Despite these hurdles, a sizable group of diplomats and analysts believe chances for a deal are good. The key reason: Iran needs sanctions relief to bolster its economy, and the White House wants to ease a top-priority threat and score a major foreign policy victory.
The optimists note that Iran has increased cooperation with the United Nations’ nuclear watchdog agency, and has become more transparent about current and past nuclear activities.
Another hopeful sign is Tehran appears willing to compromise on a heavy-water research reactor that the West fears could enable Iran to build a plutonium-fueled bomb. Under a proposed compromise, the Arak reactor would be redesigned to limit plutonium production.
“There’s a sense of momentum now,” said Jofi Joseph, a White House specialist on nonproliferation until last November. “Lots of things could still go wrong. But there’s a real chance of a long-term deal.”

Tehran Times



9 Comments on "Iran nuclear talks face a major hurdle"

  1. Makati1 on Sun, 11th May 2014 3:44 pm 

    “…“The Iranian nuclear program will only be operational in another 10 years,” declares Eilam, a senior official in Israel’s atomic program. “Even so, I am not sure that Iran wants the bomb…Eilam is one of the central figures in the development of Israel’s nuclear and missile programs in the last half century: Before his decade heading the Atomic Energy Commission, he was head of the IDF’s Administration for the Development of Weapons and Technological Infrastructure ….Netanyahu and other politicians have struck terrible, unnecessary fear into the hearts of the Israeli public, and thankfully the flames fanned over the issue seemed to have died down for now.”…

    http://www.globalresearch.ca/former-israeli-nuke-chief-iran-is-10-years-away-from-having-the-bomb/5381661

  2. DC on Sun, 11th May 2014 6:06 pm 

    The corrupt and lawless amerikan ‘govt’ has no authority to tell Iran how many centrifuges is is ‘allowed’ to have.Iran is a signatory to the NPT and is in full compliance with it. The terms of the NPT are mutually agreed upon, and evidence has ever been presented that Iran is violating either the spirit or letter of the NPT. Compare and contrast to the u$ and Israel, which are serial violators of all nuclear non-proliferation agreements.

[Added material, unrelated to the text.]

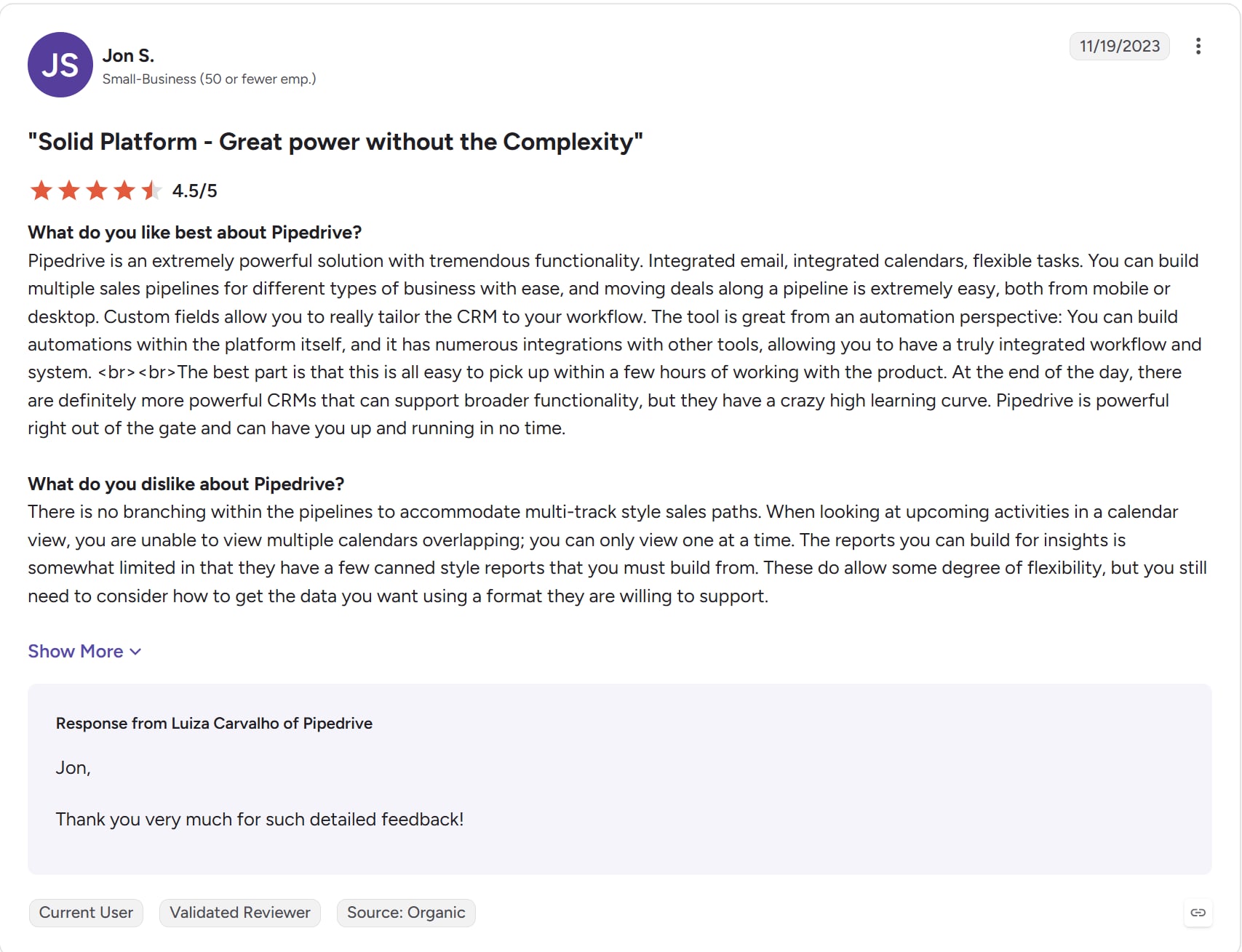 Pipedrive 4.5/5 star review on G2.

    I remember u$ propaganda from the early 80s saying Iran was just about to develop a nuke. If they are, the Iranians are either spectacularly inept, or they only work on there ‘nuclear bomb program’ for about 3 hours a day,(4 day work week), less an hour for lunch.

  3. Plantagenet on Sun, 11th May 2014 7:03 pm 

    Can you imagine the Islamists of Boko Haram with nukes? The Islamists of Iran with nukes would be much like that.

  4. GregT on Sun, 11th May 2014 9:09 pm 

    It would appear to me, that only one country has ever unleashed a nuclear warhead on a civilian population. Many other countries have nuclear weapons, and have restrained from using them.

  5. steve from virginia on Sun, 11th May 2014 9:55 pm 

    No mention of plutonium production @ Arak reactor complex. Enriched uranium is a poor fuel for a weapon, almost every modern nuclear device made since the 1950s has used- or uses plutonium fuel

    Iran needs to dismantle Arak or eliminate its plutonium-producing and refining capability. Otherwise, Iran is not serious.

  6. MKohnen on Sun, 11th May 2014 10:23 pm 

    Hey, Plant, could you imagine the US with nukes? Bet they would use them on innocent civilians!

  7. MKohnen on Sun, 11th May 2014 10:36 pm 

    GregT,

    Yes, that even includes nutjobs like Kim Jong-Il.

  8. simonr on Mon, 12th May 2014 3:20 am 

    I wonder why Kim Jong-Il has not used his weapons ?

  9. Davy, Hermann, MO on Mon, 12th May 2014 5:44 am 

    Simon, I imagine that is the plan when the boy leader’s world starts crashing. The guy is pathologically sick megalomaniac with a million man army and a population in subjugation. China has already done its due diligence for his regime end so you know it does not have much of a future. I cannot see how Kim and those in his ruling clique will not resort to battle in a final act of glory.